Let's say I test for sulfites and go through all that to make sure I have the proper amount to age...yada, yada. Is it beneficial to have as low a level of sulfites as possible? Again, according to instructions, the added sulfites do not affect the wine's taste. If I don't have a sulfite alergy, would it not be prudent to make the addition, to be on the safe side?


----------



## masta

Sorry I missed this question.....Yes it would be prudent to make the addition of added sulfites to bring it to the proper level as indicated in the instructions.Protecting your wine is critical for aging long term.


I believe even with making this addition the sulfite level will be much lower than most commercial wines. I need to buy a few bottles and test to confirm this.....buy wine from the store...man I hate that!






Look for an article on sulfites in the upcoming newsletter for a fairly detail explanation of sulfites in wine making. I am hoping this will help to educate all of us...I know I have learned lots writing it.


----------



## Vaughn

Thanks Masta for the help. I also stopped by George's place on Saturday and got some insight on the matter. I ended up purchasing some sulfite additive and I just mixed it into my Pinot Noir last night at the de-gassing stage. 


Wow! I'm learning a lot of practical chemistry here. Next, we'll tackle the Ph issue when creating fruit wines and meads.


I have to tell you guys an interesting thing that happened this weekend. I have been remodeling my 40 year old home in my spare time and Saturday night I was working on a small set of stairs that lead from my entry way to the first landing (about 6 steps). I plan to pull up the carpet that is on them and replace it with some nice stained wood. So, as I'm pulling up carpet, I notice that the top step is loose. Upon closer inspection, I found that the top two steps were part of a hinged unit that swung up to give access to the dead space below the stairs. There's even a light in it. We had no idea that this storage space even existed! And we've been living in this house for 3 years! 


Ladies and gentlemen, our wine storage problems are over. We have a wine cellar.


----------



## PolishWineP

Oh Happy Day!



What a great find! Like Christmas in April!


----------



## geocorn

I can not find any untoasted oak of any kind. Seems only toasted oak is used in wine making by almost everyone.


----------



## Hippie

Ok then George, so the house toast french oak is the lightest toast?


Thanks.


----------



## geocorn

The lighest toast is the medium, then the house, then the heavy.


----------



## Berrywine

I've oaked one batch of blackberry, left it in 2 months in bulk, made it pretty "oaky", so I pulled it out and bottled. Now 6 months later I opened a bottle and can't tell I even oaked it. Does the oak fade that quickly or is it that I just didn't leave it long enough?






berry


----------



## jshuey

Long term bulk aging is one of the time honored methods for treating "over-oaked" wines. That said, six months is a kinda quick time frame for oakiness to fadeas much as you describe.

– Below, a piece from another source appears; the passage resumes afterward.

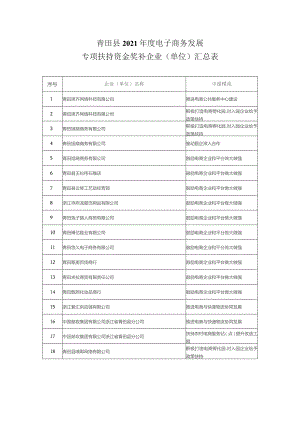青田县2021年度电子商务发展专项扶持资金奖补企业单位汇总表.docx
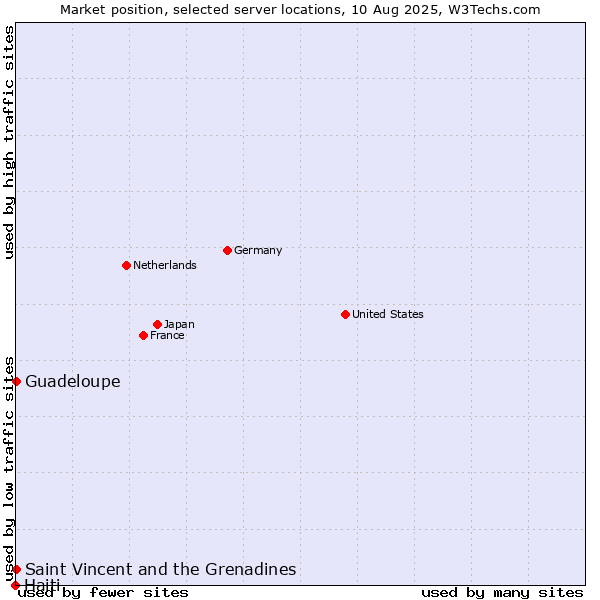 Market position of Saint Vincent and the Grenadines vs. Guadeloupe vs. Haiti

What form of oak did you use? How much oak in what quantity of wine?


----------



## Berrywine

I used "house toast american white oak", as the package says. Followed instructions for 5 grams per gal., 25 grams for my 5 gal. Left it in 2 months.


berry


----------



## jshuey

Berry...


Two things come to mind. First, I'm not sure not tasting oak is a bad thing. (See my last paragraph.)


Second, my "read is this: The dosage and time indications on packages oak are generally geared toward grape wine which, because of the seeds and the fact it is often fermented with stems, starts out with a bit more tannin than most fruit wines.


I only make wine from grapes, but I take the time indication on the package not as a maximum time, but as a good time to begin tasting. And I generally keep the cubes in until my wine starts to taste as though its been a bit overoaked, because I know its going to spend another year or more in the bottle beforeI start to consume it. 


At that point (12 to 24 months after bottling), there should be no "oak" taste at all, but a pleasant, subduedvanillin flavor well integrated with all the others that make wine so special. 
*Edited by: jshuey *


----------



## Berrywine

I should have read up on it a good bit more before I jumped in. I understand the part about not tasting the oak, I was suprised how much it "mellowed" into the wine in such a short time, which leads me to believe that I didn't leave it in long enough. Next batch that is oaked will get a longer "chip" time. It's all an experiment! thanks jshuey.


berry


----------



## Hippie

Berry, I think next time you should try whatever type of oak chips in the must, then when you rack to glass, use the oak cubes of your choice. George has a variety to choose from. 3 ounces of the cubes for 3 months total contact time is their limit, but you can do 1 ounce for 1 month or anything in between. The cubes will release the oak flavors and subtle nuances slowly and with better true barrel character. I think you will like them.


----------



## Berrywine

Now I think I'll try that! A friend of mine gave me about 7 pounds of tame blackberries out of his freezer over the holiday weekend after I brought out a bottle of home made blackberry wine. I think everybody liked it... I know he did.It'll be a small batch but what the heck. Sounds like a good opportunity to try your oak process. I learn more every batch I make. Thanks Country.






berry


----------



## RAMROD

How much difference is there between tame and wild black berrys?


----------



## Berrywine

This is the first batch I've made with tame berries that I know where they came from.The only difference I can tell so far is the color is a bit lighter, but it is still in the early stages. The other batches have been frozen berries from the market. Only thing about those are, you don't know what kind they are or where they come from.







berry*Edited by: Berrywine *


----------



## Hippie

I think the wild berries make much better wine, as long as they are picked very ripe. The most important quality is ripeness, no matter what type.


----------



## RAMROD

Dose anyone add sugar to the bag before they freeze them?


----------



## Hippie

Nope. Just rinse off and freeze.


----------